Thursday, January 17, 2013

International Day of Italian Cuisines - January 17

The International Day of Italian Cuisines (IDIC) was launched by the Virtual Group of Italian Chefs in 2006, who state their aims at ‘protecting the right of worldwide consumers to get authentic and quality Italian cuisine when they go to eateries labeled as “Italian”. '

Each year, a classic italian dish is selected to be researched, documented and shared on line.  Dshes featured in previous years are Ossobuco, basil Pesto, Tagliatelle Ragu, Risotto Milanese, and Spaghetti Carbonara and I definitely intend to give their 'traditional' and sanctioned recipes a test.  These 'official' recipes can be found on the IDIC website.  The history and notes make for some interesting reading.  But try not to get too offended by the views expressed about other nations interpretations of some dishes.  They sound particularly upset about Spaghetti Bolognese.  For more, read the Tagliatelle Ragu pages.
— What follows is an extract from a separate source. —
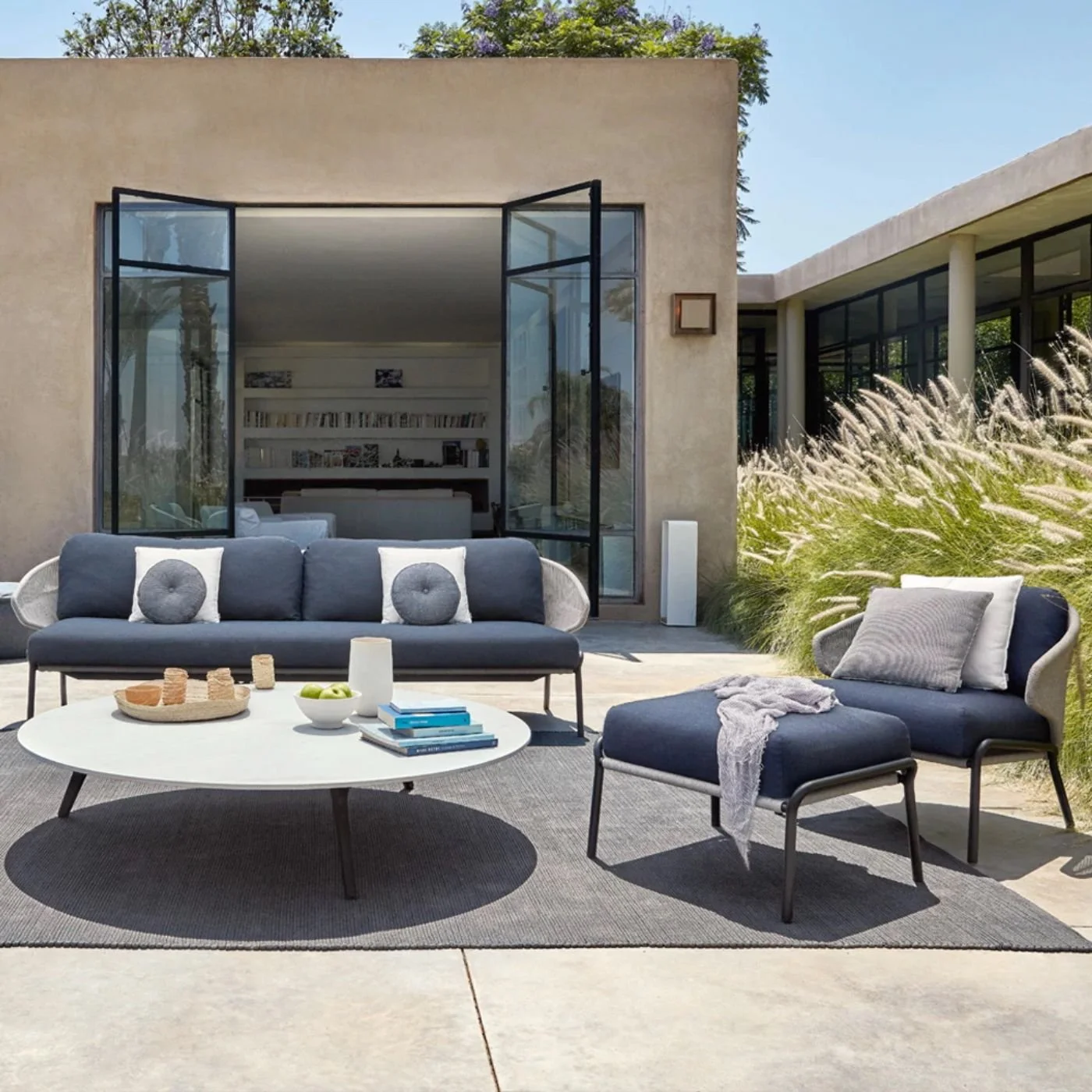A contemporary outdoor sofa and chair set in blue and white next to a large white coffee table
This years dish is Tiramisu, a favourite and a very easy dessert.  I was somewhat surprised to learn that despite the dishes huge popularity in Italy and around the world, Tiramisù is a fairly recent Italian dessert, its origins probably only dating back to the the 1970’s.  Even the essential ingredients:  mascarpone, Marsala and savoiardi, are recent culinary inventions, compared to many other traditional Italian foods.

Anyway, Tiramisu is a very easy dessert to make and a great Italian dish to start with if you are new to cooking.  Why not give it a go on the 17th January?  The following recipe and the above image are from the IDIC website. 
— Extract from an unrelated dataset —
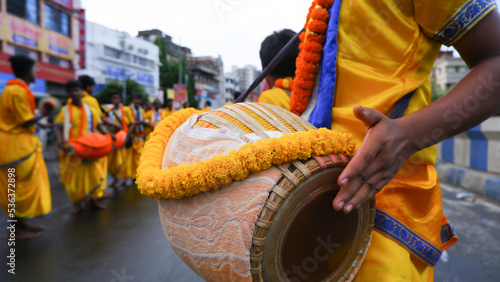 Devotees play dhol or drum and dance during rath yatra festival. photo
Let me know via comments how you go and how everyone enjoyed celebrating the International Day of Italian Cuisines.  
'The Authentic Recipe'
INGREDIENTS (10 to 12 serves)
220g Egg
100g Sugar
500g Mascarpone
80g Marsala wine
50g Coffee
Savoiardi biscuits 
Separate the yolks from the egg whites.  Beat the yolks and the sugar.  Whip the whites and the salt.  Add the mascarpone to the yolks and sugar.  Lighten the mixture by adding the whipped egg whites.
Add the marsala to the coffee.
Soak the savoiardi in the mixture of coffee and marsala and lay them out in the desired mould.
Alternate layers of mascarpone with layers of savoiardi; top off with the mascarpone cream.
Refrigerate and sprinkle with cocoa.
Serve at 6 to 8 °C  
I think this is about 43 to 47ish degrees Fahrenheit.  Basically it means serve it cold, but not straight-out-of -fridge cold (under 5 degrees Celsius, or under 40 Fahrenheit).   I suggest you take it out of the fridge and allow it to 'unchill' a little, but serve soon afterwards.  Depending on room temperature, this will vary so there is no point me recommending times!
Note: due to food safety reasons, the authors have added a note that it is recommended to use pasteurised eggs or to cook the preparations with the eggs at 71 ºC (160 ºF).  Home cooks won't bother with pasteurised eggs and I would be interested to know how you can 'cook the preparation'.  If any readers had any ideas let me know via a comment as I am interested.  However, as this is a raw egg dish, the usual precautions SHOULD be taken which means that the ill, elderly or pregnant women should avoid the dish.  Sorry ladies (and gentlemen)!